E’ quanto ha Lo ha detto don Vincenzo Zani, direttore dell’Ufficio nazionale per l’educazione, la scuola e l’università, in un’intervista rilasciata al Sir a margine dell’incontro della Consulta nazionale della scuola cattolica, in corso oggi a Roma. “Rispetto al testo iniziale – ha spiegato don Zani – il disegno di legge sui cicli scolastici ha recepito alcune osservazioni. In particolare, si nota una maggiore attenzione per il valore della persona e la centralità della famiglia. Tuttavia, l’impostazione di fondo rimane invariata e prevede una profonda ristrutturazione del sistema scolastico. Per questo adesso occorre aspettare e vedere come tutto tutto ciò si tradurrà nella pratica, secondo quali linee operative”. Don Zani ha espresso “preoccupazione” per la “scomparsa della scuola media inferiore.
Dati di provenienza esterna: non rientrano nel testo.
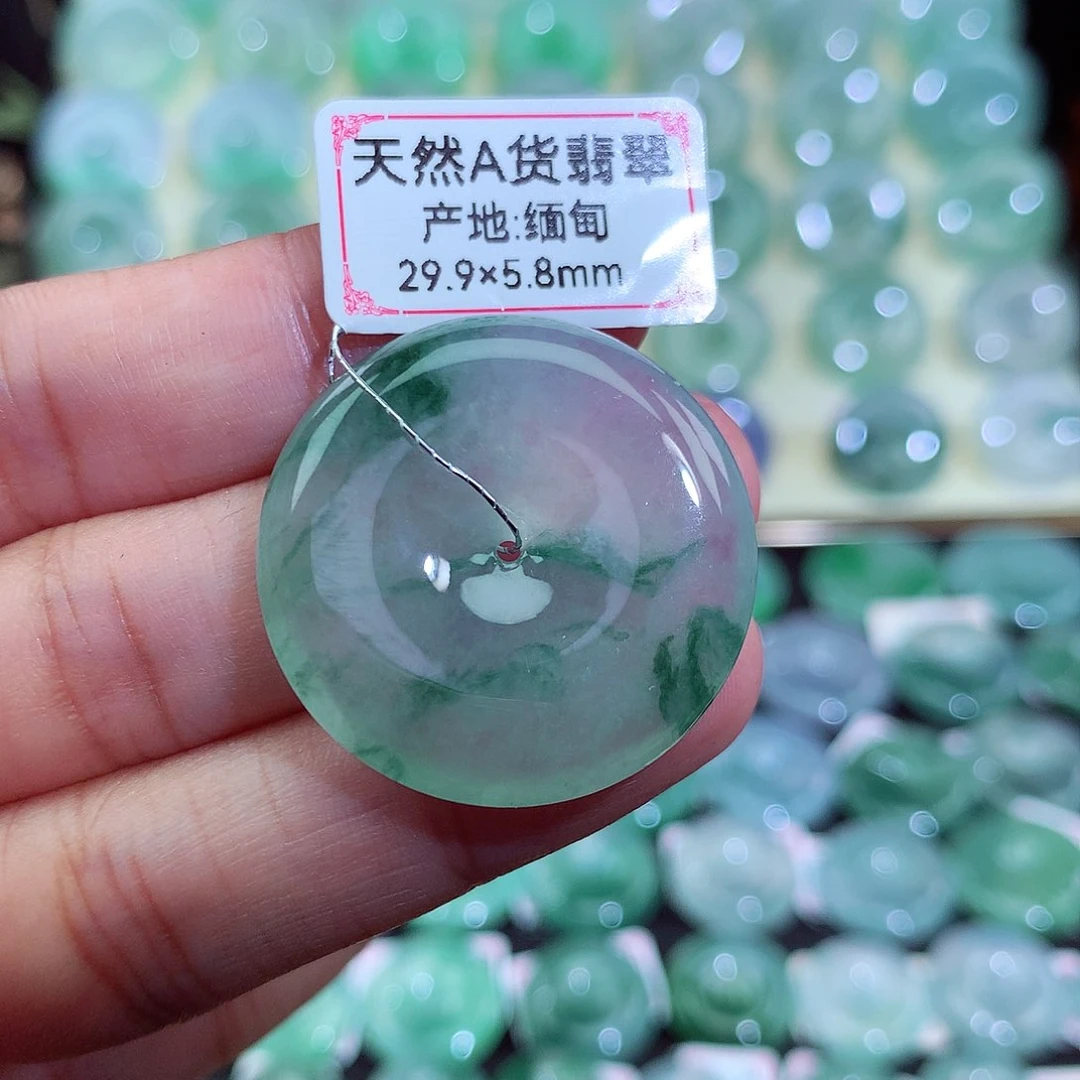 翡翠未镶嵌吊坠(不含链)刘*胖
Perchè questo non si risolva in un prolungamento della scuola elementare o in un anticipo della superiore, l’offerta scolastica dovrà adeguarsi ai ritmi di crescita intellettiva, affettiva, religiosa e culturale dell’età pre-adolescenziale e questo potrà essere realizzato solo attraverso la predisposizione di appositi programmi”. Secondo don Zani, inoltre, “questo disegno di legge esige l’immediata approvazione di una legge sulla parità: la scuola non statale non è contemplata nelle norme sul riordino, ma quest’ultimo va necessariamente a toccare la struttura della scuola non statale, influenzandone il destino. Infine, non si può dimenticare la responsabilità che tocca agli insegnanti: il nuovo sistema non funzionerà da sè solo perché previsto per legge. In questo senso, l’investimento maggiore in termini di cambiamento e qualificazione andrà fatto sugli insegnanti.